Des éléments du Patriot Act – loi-cadre de surveillance aux Etats-Unis votée juste après le 11 Septembre – arriveront à expiration. Parmi ces éléments, on trouve la section 215. C’est Edward Snowden qui a révélé son existence. Elle permet à Washington de compiler les conversations téléphoniques des Américains. Tu décroches, le gouvernement sait qui tu appelles, quand et combien de temps ça dure. Ce que le Congrès va décider le 1er juin, c’est la poursuite de ce programme.
Les problèmes de surveillance auxquels la France fait face ont-ils des points communs avec ceux des Américains ?
Je ne connais pas tous les détails, mais les termes généraux sont les mêmes qu’aux Etats-Unis. Une des décisions prises juste après le 11 Septembre a été de mettre le pays sur écoute. On sait que l’impact sur les libertés est énorme mais que ces écoutes sont inefficaces. Des enquêtes internes le montrent : aucun complot terroriste n’a été évité. La seule chose accomplie en treize ans, c’est d’avoir coffré un type qui avait envoyé un mandat-cash de 5000 dollars en Somalie.

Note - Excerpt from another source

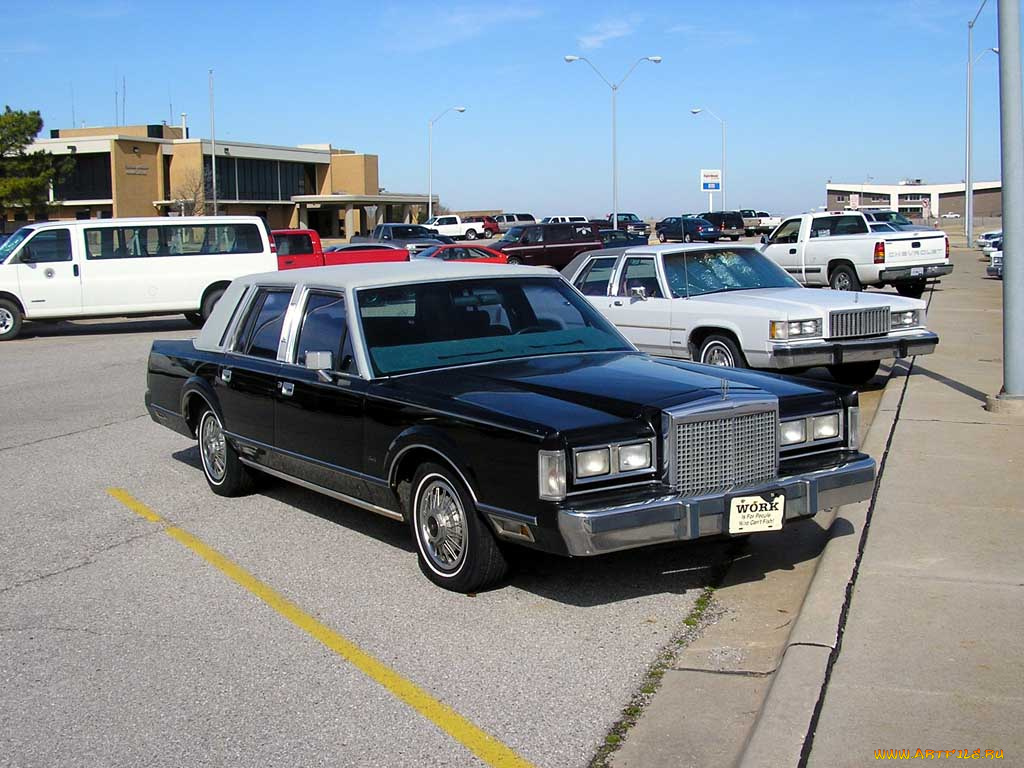 lincoln, автомобили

Pourquoi continuer si ça ne marche pas ?
La réaction naturelle des renseignements après une bourde est de demander plus de moyens au lieu d’avouer une erreur. Il y a aussi ce tabou d’accepter qu’on ne sera jamais en sûreté à 100%, que c’est le prix à payer pour une société libre. On n’a pas eu de vraie discussion à ce sujet aux Etats-Unis depuis les attentats du World Trade Center. Les politiciens sont effrayés de dire que le risque terroriste existe malgré l’envergure de la surveillance. Enfin, la surveillance est un business. De nombreuses entreprises en vivent aux Etats-Unis. Edward Snowden lui-même travaillait pour ce genre d’intermédiaires privés. Sa boîte gagnait des centaines de millions de dollars pour aider le gouvernement à surveiller la planète. C’est un lobby puissant, auquel les membres du Congrès ne sont pas insensibles.